Fast-Roll Inflation
Andrei Linde
TL;DR
This work expands the inflationary paradigm by exploring fast-roll inflation, a regime where $|m^2|$ is of order $H^2$ and slow-roll conditions are violated yet inflation can persist if $|m|$ is small. By analyzing a tachyonic potential $V(\phi)=V_0-\tfrac{m^2}{2}\phi^2$ in a flat FRW background, it derives the growth rate through $F(m^2/H^2)$ and shows how the total expansion factor $e^{Ht_*}$ scales with initial and threshold field values, allowing substantial expansion even in the fast-roll regime. The paper then discusses broad implications, including impossibility of AdS domination after inflation, instability of potentials with $V(\phi)\le0$, and the potential for fast-roll stages to seed proper initial conditions for slow-roll, generate adiabatic and isocurvature perturbations, or address moduli and gravitino problems, with caution about perturbation amplitudes.
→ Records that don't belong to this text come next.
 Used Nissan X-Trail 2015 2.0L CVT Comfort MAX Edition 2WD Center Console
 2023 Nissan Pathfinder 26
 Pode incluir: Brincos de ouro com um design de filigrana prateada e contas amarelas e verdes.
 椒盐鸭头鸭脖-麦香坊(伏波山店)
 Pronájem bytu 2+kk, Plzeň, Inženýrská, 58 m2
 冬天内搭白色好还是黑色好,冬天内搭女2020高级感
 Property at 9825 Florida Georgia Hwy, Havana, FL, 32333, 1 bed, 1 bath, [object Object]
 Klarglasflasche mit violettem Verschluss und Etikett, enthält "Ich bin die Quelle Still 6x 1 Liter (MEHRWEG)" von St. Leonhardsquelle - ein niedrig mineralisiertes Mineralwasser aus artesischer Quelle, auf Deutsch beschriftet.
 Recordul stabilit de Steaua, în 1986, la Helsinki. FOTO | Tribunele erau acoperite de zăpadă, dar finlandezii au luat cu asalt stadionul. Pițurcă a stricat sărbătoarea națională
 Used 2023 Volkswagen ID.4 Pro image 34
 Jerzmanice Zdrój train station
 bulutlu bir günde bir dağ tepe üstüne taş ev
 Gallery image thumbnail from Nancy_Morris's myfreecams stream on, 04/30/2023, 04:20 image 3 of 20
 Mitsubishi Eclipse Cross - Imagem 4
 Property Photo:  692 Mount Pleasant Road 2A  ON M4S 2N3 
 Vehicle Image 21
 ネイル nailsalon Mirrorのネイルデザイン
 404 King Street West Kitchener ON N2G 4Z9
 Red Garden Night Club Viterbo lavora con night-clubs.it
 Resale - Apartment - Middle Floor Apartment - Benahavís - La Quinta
Overall, it argues that fast-roll inflation can supplement or, in some scenarios, precede slow-roll inflation and may contribute to present-day acceleration, inviting further exploration of its cosmological consequences and constraints.
Abstract
We show that in the simplest theories of spontaneous symmetry breaking one can have a stage of a fast-roll inflation. In this regime the standard slow-roll condition |m^2| << H^2 is violated. Nevertheless, this stage can be rather long if |m| is sufficiently small. Fast-roll inflation can be useful for generating proper initial conditions for the subsequent stage of slow-roll inflation in the very early universe. It may also be responsible for the present stage of accelerated expansion of the universe. We also make two observations of a more general nature. First of all, the universe after a long stage of inflation (either slow-roll or fast-roll) cannot reach anti-de Sitter regime even if the cosmological constant is negative. Secondly, the theories with the potentials with a "stable" minimum at V(φ)<0 in the cosmological background exhibit the same instability as the theories with potentials unbounded from below. This instability leads to the development of singularity with the properties practically independent of V(φ). However, the development of the instability in some cases may be so slow that the theories with the potentials unbounded from below can describe the present stage of cosmic acceleration even if this acceleration occurs due to the fast-roll inflation.